Armenians were considered by contemporary Christians as the “oldest” Christian community in the world, being a direct link to the earliest days of Christianity. Christian missionaries from the United States comprised the majority of Americans living/working in the Ottoman Empire and they shared the same view.
Reports by the missionaries to U.S. diplomatic personnel described Turkish soldiers rounding up Armenian men and boys to be deported or massacred. According to one U.S. diplomat’s report, some of them were “clubbed and beaten and lashed along as though they had been wild animals and their women and girls were criminally outraged…” With support from the U.S. Ambassador to Turkey, Henry Morgenthau, Sr., the missionaries started relief committees in the U.S. that were combined in the fall of 1915 into the American Committee for Armenian and Syrian Relief.

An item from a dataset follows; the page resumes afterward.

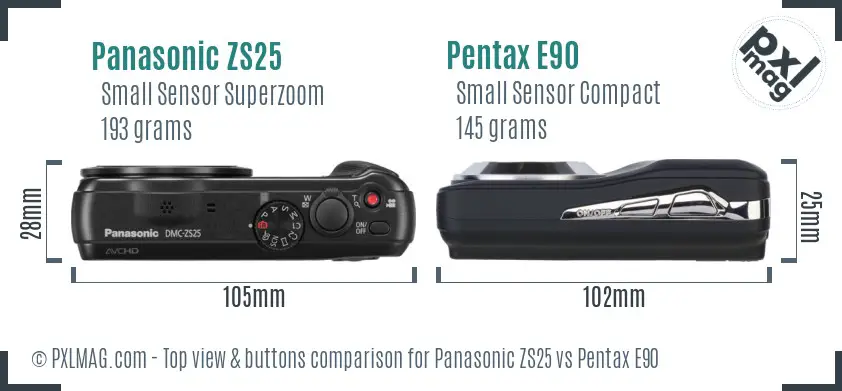 Panasonic ZS25 vs Pentax E90 top view buttons comparison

Telegram from U.S. Secretary of State Robert Lansing to Henry Morgenthau, Sr., U.S. Ambassador in Turkey, Oct. 4, 1915:
"Letters from private sources relative to Armenian persecutions which have reached the United States and been published in the newspapers have aroused a general and intense feeling of indignation among the American people. You are instructed to continue to use your good offices for the amelioration of the condition of the Armenians and to prevent the continuation of the persecution of the Armenians, informing Turkish Government that this persecution is destroying the feeling of good will which the people of the United States have held towards Turkey."
Ironically, when the U.S. entered the war in April 1917, the leaders of the relief organizations opposed the U.S. declaring war on Turkey, one of Germany’s allies, arguing that this would be detrimental to the interests of the Armenians. The director of the American Committee for Armenian and Syrian Relief lobbied relief workers, the press, Congress and the State Department against going to war because it would stop relief efforts and risk the property of American missionaries in Turkey.
Pamphlets in the Museum’s archival collection depict advertising the efforts of various American relief organizations and soliciting funds to ease the suffering of several predominately Christian minority groups in the near east, including Armenians, Syrians, Assyrians, Persians and Greeks.
One pamphlet, Vartan’s Appeal, uses the identity of an Armenian boy, Vartan, to symbolize the Armenians’ struggle to survive against hostile neighbors who have repeatedly tried to destroy the Christian, democratic, Western, values of the Armenians and other persecuted minorities.
U.S. President Woodrow Wilson is quoted in the pamphlet: "Reports indicate that of orphans alone there are more than 400,000. The situation is so distressing as to make a special appeal to the sympathies of all."
Sand to Snow: Global War 1915 (May 1, 2015 - April 17, 2016), one of the Museum of special exhibitions commemorating the Great War Centennial, included a British poster calling for help with the Armenian Relief Fund. The exhibition also featured correspondence from Turkish Minister of the Interior Talaat Pasha dated Sept. 6, 1915:
"To the Prefecture of Aleppo: You have already been advised that the Government by order of the Djemiet, has decided to destroy completely all the indicated persons [Armenians] living in Turkey. All who oppose this decision and command cannot remain on the official staff of the empire. Their existence must come to an end, however tragic the means may be; and no regard must be paid to either age or sex, or to conscientious scruples."